4. Earnings Per Share
     Basic earnings per share is computed by dividing net income applicable to common shareholders by the weighted average numbers of shares of the Company’s common stock, par value $0.001 per share (“Common Stock”) outstanding during the period. Diluted earnings per share is computed similarly to basic earnings per share, except that the denominator is increased to account for the assumed exercise of dilutive stock options and restricted stock using the treasury stock method.
     For the three and nine months ended September 30, 2008 and 2007, we did not include stock options to purchase 901,650 and 463,000 shares, respectively, of the Company’s Common Stock in the calculations of diluted earnings per share because the exercise prices of those options were greater than the average market price over the respective periods and their inclusion would be anti-dilutive.
     The following table summarizes the weighted average number of shares of Common Stock for basic and diluted earnings per share computations.
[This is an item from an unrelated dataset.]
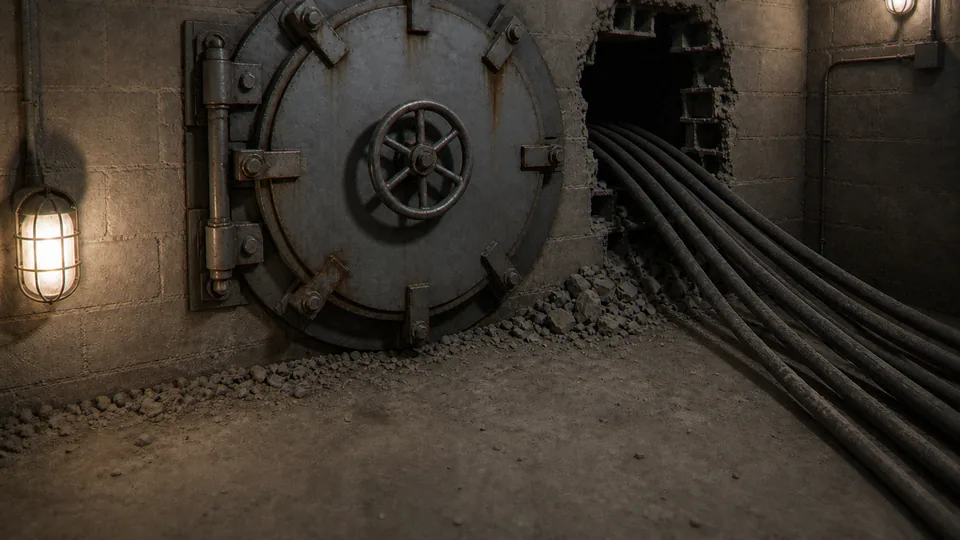 A large circular metal vault door with a spoked wheel handle stands closed beside a hole broken through a concrete block wall, with thick black cables running through it.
                                 
    Three Months Ended   Nine Months Ended
    September 30,   September 30,
    (Unaudited)   (Unaudited)
    2008   2007   2008   2007
Weighted average number of shares of Common Stock outstanding — basic
    26,445,288       26,225,449       26,389,804       26,122,531  
Effect of diluted stock options and restricted Common Stock
    101,833       453,490       75,111       461,251  
 
                               
Weighted average number of shares of Common Stock outstanding — diluted
    26,547,121       26,678,939       26,464,915       26,583,782  
 
                               
5. Common Stock and Stock-Based Compensation
     The Company’s Amended and Restated 2006 Stock Incentive Plan (the “Plan”) authorizes the Company to issue up to 2,500,000 shares of Common Stock to employees, non-employee directors and consultants pursuant to awards of stock options, stock appreciation rights, restricted stock, in payment of performance shares or other stock-based awards. Under the Plan, stock options must be granted at a price not less than the fair market value of the stock on the date the option is granted, generally are not subject to re-pricing, and will not be exercisable more than ten years after the date of grant. Options granted under the Plan, generally qualify as “non-qualified stock options” under the U.S. Internal Revenue Code of 1986, as amended. The Plan was approved by stockholders at the 2008 Annual Meeting of Stockholders on May 15, 2008. Certain options granted under the Company’s 2004 Common Stock Option Plan generally qualify as “incentive stock options” under the U.S. Internal Revenue Code; the exercise price of a stock option granted under this plan may not be less than the fair market value of Common Stock on the option grant date.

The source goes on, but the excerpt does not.